:: TASK TO COMPLETE ::
Match on the string "image" in the entries below and return every matching line.

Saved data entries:
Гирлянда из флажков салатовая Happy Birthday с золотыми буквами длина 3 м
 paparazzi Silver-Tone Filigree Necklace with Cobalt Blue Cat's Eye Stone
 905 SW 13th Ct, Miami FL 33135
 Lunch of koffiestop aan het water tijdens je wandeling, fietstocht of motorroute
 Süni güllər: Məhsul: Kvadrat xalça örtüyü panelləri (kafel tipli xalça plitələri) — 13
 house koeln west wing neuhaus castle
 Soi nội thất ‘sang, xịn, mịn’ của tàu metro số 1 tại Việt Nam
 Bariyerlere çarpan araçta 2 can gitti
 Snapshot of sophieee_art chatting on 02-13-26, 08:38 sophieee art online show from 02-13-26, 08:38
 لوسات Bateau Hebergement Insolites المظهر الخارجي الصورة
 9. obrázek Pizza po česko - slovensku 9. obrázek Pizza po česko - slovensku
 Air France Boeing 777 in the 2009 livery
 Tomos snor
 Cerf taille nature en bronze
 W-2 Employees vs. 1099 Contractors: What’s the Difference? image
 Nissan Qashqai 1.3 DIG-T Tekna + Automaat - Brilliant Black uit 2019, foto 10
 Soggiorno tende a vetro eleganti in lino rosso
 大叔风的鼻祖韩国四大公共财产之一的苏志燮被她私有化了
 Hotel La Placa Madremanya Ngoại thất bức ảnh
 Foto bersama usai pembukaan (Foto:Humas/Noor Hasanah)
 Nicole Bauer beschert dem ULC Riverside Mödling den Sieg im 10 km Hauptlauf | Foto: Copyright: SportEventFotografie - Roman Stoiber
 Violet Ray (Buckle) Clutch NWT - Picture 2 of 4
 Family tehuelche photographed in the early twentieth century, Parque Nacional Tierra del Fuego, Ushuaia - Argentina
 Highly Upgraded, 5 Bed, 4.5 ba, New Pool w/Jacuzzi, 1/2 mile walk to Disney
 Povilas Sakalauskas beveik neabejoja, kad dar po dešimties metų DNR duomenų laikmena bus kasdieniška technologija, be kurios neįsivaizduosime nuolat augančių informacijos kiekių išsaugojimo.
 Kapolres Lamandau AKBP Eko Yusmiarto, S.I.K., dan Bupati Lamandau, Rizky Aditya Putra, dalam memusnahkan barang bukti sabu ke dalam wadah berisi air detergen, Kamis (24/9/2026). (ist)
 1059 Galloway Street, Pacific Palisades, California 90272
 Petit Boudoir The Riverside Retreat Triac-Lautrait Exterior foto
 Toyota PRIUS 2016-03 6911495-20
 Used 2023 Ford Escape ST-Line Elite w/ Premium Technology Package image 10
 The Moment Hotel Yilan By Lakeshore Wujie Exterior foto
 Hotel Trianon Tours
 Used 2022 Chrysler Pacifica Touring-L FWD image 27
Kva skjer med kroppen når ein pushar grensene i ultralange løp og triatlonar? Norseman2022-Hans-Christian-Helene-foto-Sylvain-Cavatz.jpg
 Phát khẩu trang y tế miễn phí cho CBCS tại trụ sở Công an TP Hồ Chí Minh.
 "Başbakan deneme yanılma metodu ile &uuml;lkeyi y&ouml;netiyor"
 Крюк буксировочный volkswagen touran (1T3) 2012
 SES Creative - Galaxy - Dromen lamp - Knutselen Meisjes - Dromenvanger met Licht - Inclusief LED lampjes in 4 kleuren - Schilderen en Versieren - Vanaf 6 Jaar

:: PROBLEM SOLUTION ::
 W-2 Employees vs. 1099 Contractors: What’s the Difference? image
 Used 2023 Ford Escape ST-Line Elite w/ Premium Technology Package image 10
 Used 2022 Chrysler Pacifica Touring-L FWD image 27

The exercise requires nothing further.